··· Material to process

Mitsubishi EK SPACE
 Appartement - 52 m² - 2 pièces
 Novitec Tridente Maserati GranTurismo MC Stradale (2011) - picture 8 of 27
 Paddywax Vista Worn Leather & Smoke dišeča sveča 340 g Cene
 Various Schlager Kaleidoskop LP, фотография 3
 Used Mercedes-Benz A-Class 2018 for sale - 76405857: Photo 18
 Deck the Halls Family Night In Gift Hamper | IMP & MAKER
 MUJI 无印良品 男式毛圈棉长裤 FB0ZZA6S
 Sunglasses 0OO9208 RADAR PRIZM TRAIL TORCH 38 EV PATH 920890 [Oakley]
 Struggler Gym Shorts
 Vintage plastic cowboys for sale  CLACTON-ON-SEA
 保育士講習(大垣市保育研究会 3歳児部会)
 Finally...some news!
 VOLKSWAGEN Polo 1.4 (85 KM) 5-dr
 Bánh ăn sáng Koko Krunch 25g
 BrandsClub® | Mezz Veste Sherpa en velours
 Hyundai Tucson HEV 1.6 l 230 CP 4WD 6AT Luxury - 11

······

_Problem to work on_
Print every record exactly as it was given.

_Result below_
Mitsubishi EK SPACE
 Appartement - 52 m² - 2 pièces
 Novitec Tridente Maserati GranTurismo MC Stradale (2011) - picture 8 of 27
 Paddywax Vista Worn Leather & Smoke dišeča sveča 340 g Cene
 Various Schlager Kaleidoskop LP, фотография 3
 Used Mercedes-Benz A-Class 2018 for sale - 76405857: Photo 18
 Deck the Halls Family Night In Gift Hamper | IMP & MAKER
 MUJI 无印良品 男式毛圈棉长裤 FB0ZZA6S
 Sunglasses 0OO9208 RADAR PRIZM TRAIL TORCH 38 EV PATH 920890 [Oakley]
 Struggler Gym Shorts
 Vintage plastic cowboys for sale  CLACTON-ON-SEA
 保育士講習(大垣市保育研究会 3歳児部会)
 Finally...some news!
 VOLKSWAGEN Polo 1.4 (85 KM) 5-dr
 Bánh ăn sáng Koko Krunch 25g
 BrandsClub® | Mezz Veste Sherpa en velours
 Hyundai Tucson HEV 1.6 l 230 CP 4WD 6AT Luxury - 11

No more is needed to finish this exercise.